杉山清貴&オメガトライブ復活ツアーに見る“シティポップ”の再興
#音楽
1980年代半ばに活躍したバンド、杉山清貴&オメガトライブが5日、東京・日比谷野外音楽堂で、デビュー35周年記念ライブを行った。
85年に解散した同バンドにとって、今回のライブは2004年に行われた再結成ライブ以来、14年ぶりとなる。会場では、来年2月2日から4月21日にかけて全国ツアーを行うことが発表された。
「若い世代には馴染みがないかもしれませんが、83年に『SUMMER SUSPICION』でデビューした杉山清貴&オメガトライブは80年代に大学生などの若者を中心に人気を博しました。当時は女子大生がトレンドの発信源だったのですが、オシャレなシティポップのバンドとして、流行の最先端だった彼女たちから絶大なる支持を得ていました。歌番組などに出演する際、杉山はいつもサングラスをかけていて、それがトレードマークでしたね。最大のヒット曲は85年にリリースされた『ふたりの夏物語』で、いまでもアラフォー世代のカラオケ人気が高いですよ」(音楽ライター)

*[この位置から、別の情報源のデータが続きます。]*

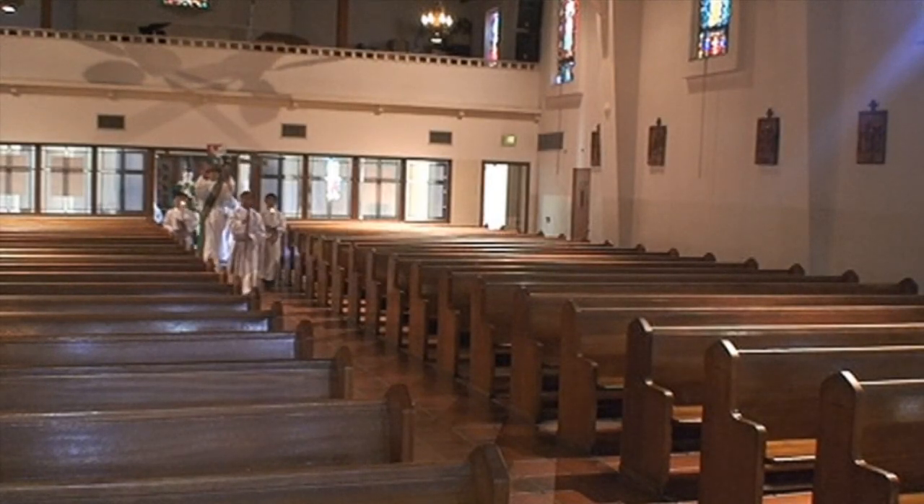Welcome to our video series on how to altar serve. In this video we will be going over the altar service responsibilities in the Sunday Mass.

解散後、杉山はシンガー・ソングライターとして独立。「さよならのオーシャン」や「最後のHoly Night」などの大ヒットを飛ばすが、90年代に入ると失速する。しかし、かつてほどの人気はなくなったものの、日本と第2の拠点であるハワイを行き来しながら、悠々自適の生活を送っている。
「オメガトライブ時代のヒット曲はプロの作家の提供によるものだったので、大した収入にはならなかったかもしれませんが、ソロになってからのヒット曲は自作なので、大いに稼いだはず。長らくヒット曲はありませんが、現在でもレコード会社との契約は切れていないし、カラオケ印税だって入ってくるでしょうから、生活には困窮していないようです。バンドの再結成というと、カネに困ってというパターンがほとんどですが、杉山に限ってはそれはなさそうですね。ただ、もしかしたら最近の70~80年代のシティポップ再評価の動きに便乗しようとしているのかもしれません」(同)
実はいま、欧米の音楽マニアの間で、70~80年代の日本のシティポップがもてはやされている。そして、そうした動きが逆輸入される形で、わが国でも当時のシティポップを再評価する気運があるのだ。
「山下達郎や大貫妙子、吉田美奈子といったメジャーどころから、日本人の我々でも知らないようなマイナーなアーティストまで、海外のマニアは血眼になってアナログ盤を探していたりします。シティポップというと、軽薄な印象ですが、ブラックミュージックやジャズフュージョンなどから影響を受けた彼らの音楽は非常に洗練されたもので、達郎のような超メジャー級はさておき、多くは通好みで当時はなかなかヒットに恵まれませんでした。一方、杉山とオメガトライブはカテゴリーこそシティポップでしたが、彼らの曲はプロの作家によるもので、どちらかというと歌謡曲寄り。昨今言われているシティポップとは一線を画すものなので、ちょっとブームとはズレているかもしれませんね。そういえば、若き日の秋元康氏も彼らに詞を提供していましたね」(同)
もっとも、80年代に青春時代を送ったアラフォー世代の杉山ファンにとっては、シティポップがどうのこうのなんて、どうでもいいことだろう。14年ぶりに本格的にバンドが再結成されただけで十分のはず。